What is being asked: From the material below, return exactly the lines starting at the one that holds "This video is" and ending at the one that holds "Two very easy". Pictures stay out of the answer.

Records for this exercise:
....

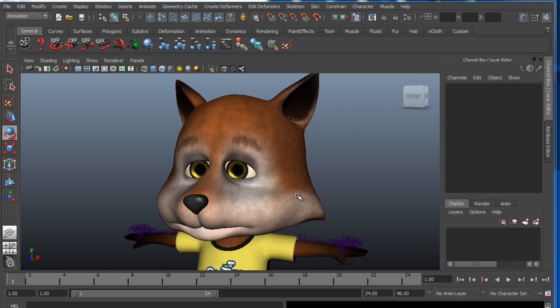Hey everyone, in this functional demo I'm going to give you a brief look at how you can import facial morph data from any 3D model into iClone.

....

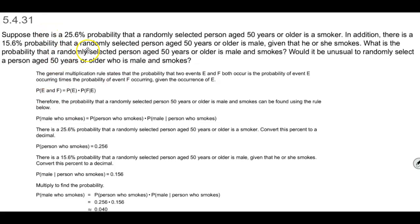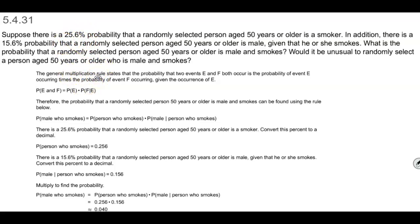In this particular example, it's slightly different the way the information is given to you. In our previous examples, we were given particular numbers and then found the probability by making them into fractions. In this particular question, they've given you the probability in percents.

....

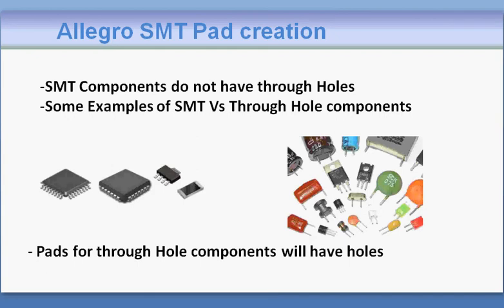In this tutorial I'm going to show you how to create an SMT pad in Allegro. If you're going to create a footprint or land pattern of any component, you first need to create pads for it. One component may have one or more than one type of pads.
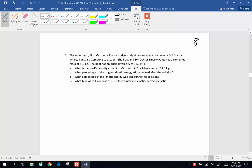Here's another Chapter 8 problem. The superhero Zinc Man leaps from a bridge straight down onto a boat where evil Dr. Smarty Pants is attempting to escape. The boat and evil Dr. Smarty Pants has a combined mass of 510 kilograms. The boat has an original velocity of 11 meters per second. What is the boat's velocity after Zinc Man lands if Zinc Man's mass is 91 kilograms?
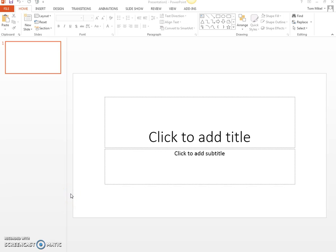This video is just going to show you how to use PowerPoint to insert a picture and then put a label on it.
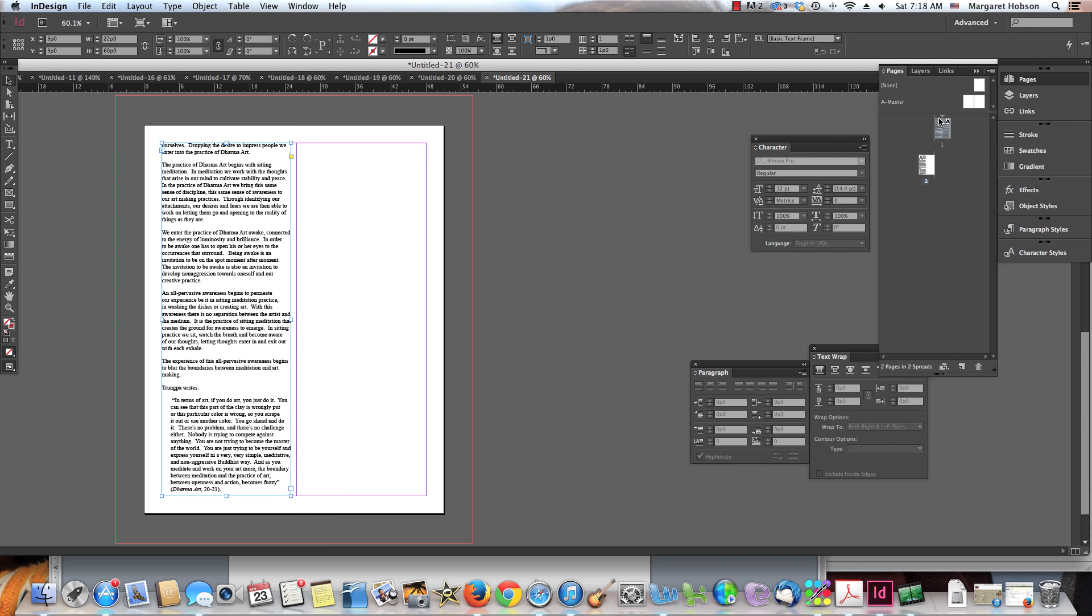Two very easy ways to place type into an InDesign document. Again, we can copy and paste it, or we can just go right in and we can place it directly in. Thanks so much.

....

Solution for this exercise:
This video is just going to show you how to use PowerPoint to insert a picture and then put a label on it.
Two very easy ways to place type into an InDesign document. Again, we can copy and paste it, or we can just go right in and we can place it directly in. Thanks so much.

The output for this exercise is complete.